While the wider US economy has struggled after states restricted business to stop Covid-19, real estate was one of the few bright spots in 2020, boosted both by low mortgage rates and the shift towards remote work caused by the pandemic.

"We've seen mortgage rates move higher in the past month or so," Joel Kan of the Mortgage Bankers Association told AFP.

The housing market is a key part of the world's largest economy, and mortgage rates are closely watched to gauge the ease with which Americans can buy property.

They are tied into the wider US Treasury bond market, where yields have been rising in recent weeks as traders fear that the economy's improving health could bring inflation with it.

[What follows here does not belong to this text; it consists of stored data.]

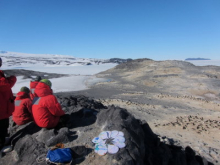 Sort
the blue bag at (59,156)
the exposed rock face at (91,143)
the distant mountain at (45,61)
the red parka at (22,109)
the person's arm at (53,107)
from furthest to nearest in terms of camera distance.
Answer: the distant mountain at (45,61)
the red parka at (22,109)
the person's arm at (53,107)
the exposed rock face at (91,143)
the blue bag at (59,156)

Rates on 30-year mortgages are now ticking up and expected to hit 3.5 percent by the end of the year, after dropping in July below three percent, a low not reached before.

"In that sense, it is bad news for buyers, because now they are facing higher interest rates, higher monthly payments," said Lawrence Yun, chief economist at the National Association of Realtors.

- 'Incredibly low' rates -

Mortgage rates have hovered around four percent for the past decade, but US homebuyers have seen much higher borrowing costs in the past.

Rates were around eight percent in the early 2000s, and hit their record high of more than 18 percent in the early 1980s, according to government-sponsored lender Freddie Mac.

Despite the recent uptick in rates, Yun says they remain "incredibly low," and predicts better economic growth that puts more money into Americans' pockets will help them overcome the increased borrowing costs and push real estate sales up 15 percent this year.

Even with the expectation that offices will reopen as Covid-19 vaccinations become widespread, some employees could continue working remotely and look for new houses that accomodate that -- a dynamic viewed as already boosting sales last year.

Kan said the market is "still looking pretty strong," and noted mortgage costs are only once component of the decisions that go into home buying, along with finding a property the buyer likes.

- Supply squeeze -

Yet as more buyers have closed on homes across the United States, supply has grown short, pushing prices up and sending developers scrambling.

Sales of existing homes were up 5.6 percent last year from 2019, their highest level since the booming housing market of 2006, just before the housing bubble burst and 2008-2010 global financial crisis began.

New homes have also seen brisk sales, pushing prices up from an average of $384,000 in January 2020 to $408,800 in January of this year, a gain of 6.5 percent, according to the Commerce Department.

Rubeela Farooqi of High Frequency Economics predicted "record-low inventories are likely to support to building activity, especially in the single-family sector."

However Chuck Fowke, president of the National Association of Home Builders, warned that increases in both interest rates and costs of lumber and other materials have already caused builders to slow some construction of single-family homes.